You can take a rapid antigen test at home, or find your nearest clinic for a PCR test (external link).

Testing is free at both public and private COVID-19 testing clinics, and a list of where to get tested in regional and remote areas (external link) is available on HealthyWA.

What to do if you test positive to COVID-19

Follow the advice in the HealthyWA factsheet I have COVID – What should I do? (external link)

  • You must stay home and isolate for 7 days (or longer if you still have symptoms). Make sure you follow the isolation protocols.
  • If you tested positive using a rapid antigen test (RAT), register your positive result (external link) on HealthyWA as soon as possible.
  • When you receive a text from WA Health, make sure you answer the survey questions, so they know if you need extra support.
  • Register with WA COVID Care at Home (external link) (online or by calling 13COVID on 13 268 43). This telephone service provides home monitoring to people who are at greater risk of getting seriously ill from COVID-19.
    • WA COVID Care at Home (external link) delivers home monitoring via the telephone for COVID-positive people with risk factors that put them at greater risk of hospitalisation. The free program will enrol patients based on risk factors such as age, severity of symptoms, medical history and social factors. You will be asked to consent to enrol in the program.
  • If you are at greater risk of getting very sick, tell your normal doctor or clinic immediately, even if you have mild or no symptoms, to find out if you are eligible for COVID-19 prescription treatment.
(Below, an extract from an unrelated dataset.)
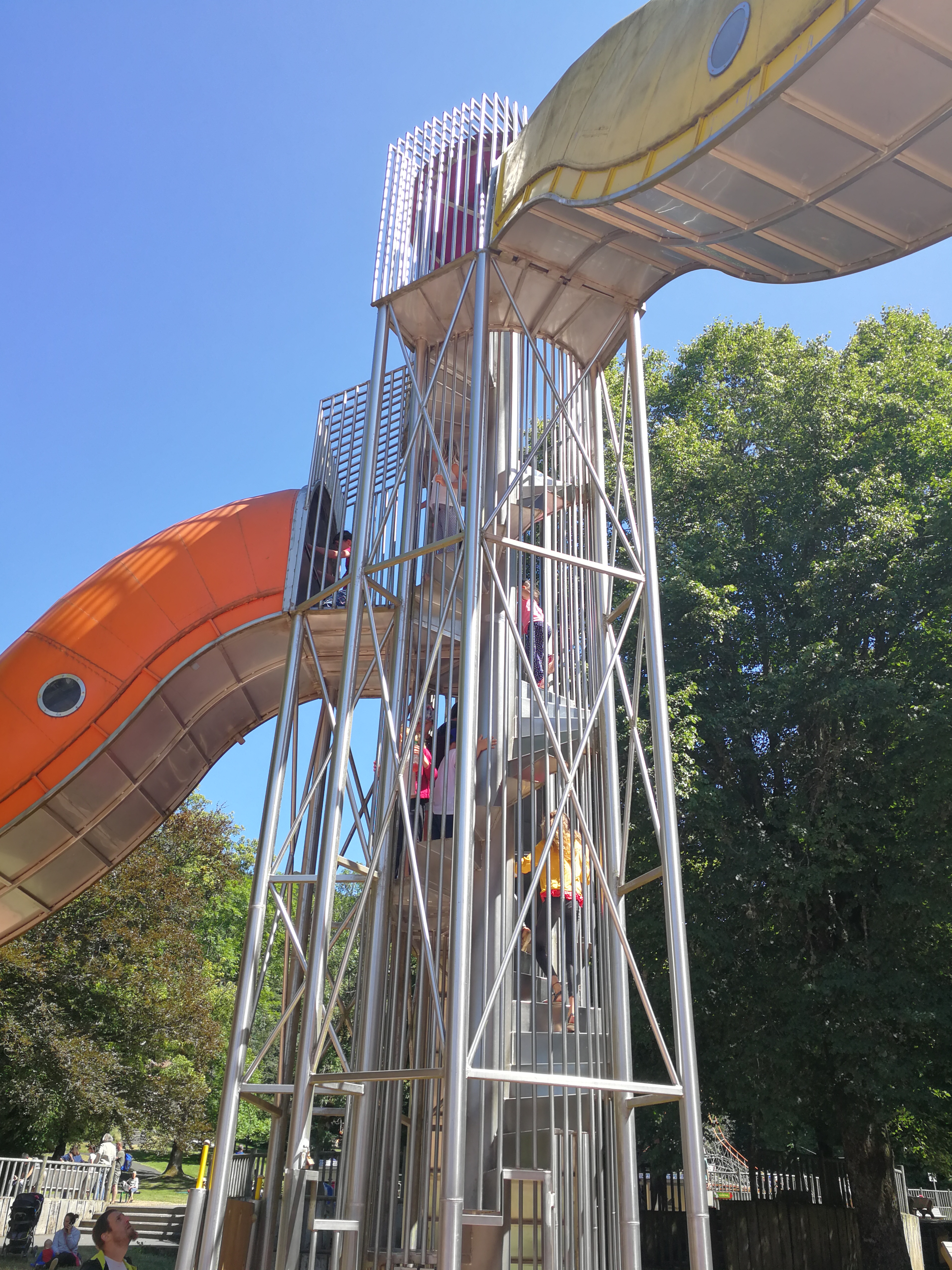 Photo n° 9 de l'avis de Carlito.H fait le 14/08/2019 à 18:48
Certain groups of people in this category will need early treatment within the first 5 days (external link).
  • Tell your close contacts you have COVID-19. They will need to follow special testing and isolation protocols.

Where to get rapid antigen tests (RATs)

RATs are available for purchase from supermarkets, pharmacies and other retailers.

Free RATs are available to support Western Australians who are COVID-19 close contacts, who are required to undertake a daily RAT before leaving their place of isolation.

If you are a close contact with no symptoms, you can collect free RATs at metro and regional locations, and you can also collect RATs for other close contacts in your household.

Translated information about the WA free RAT program is available.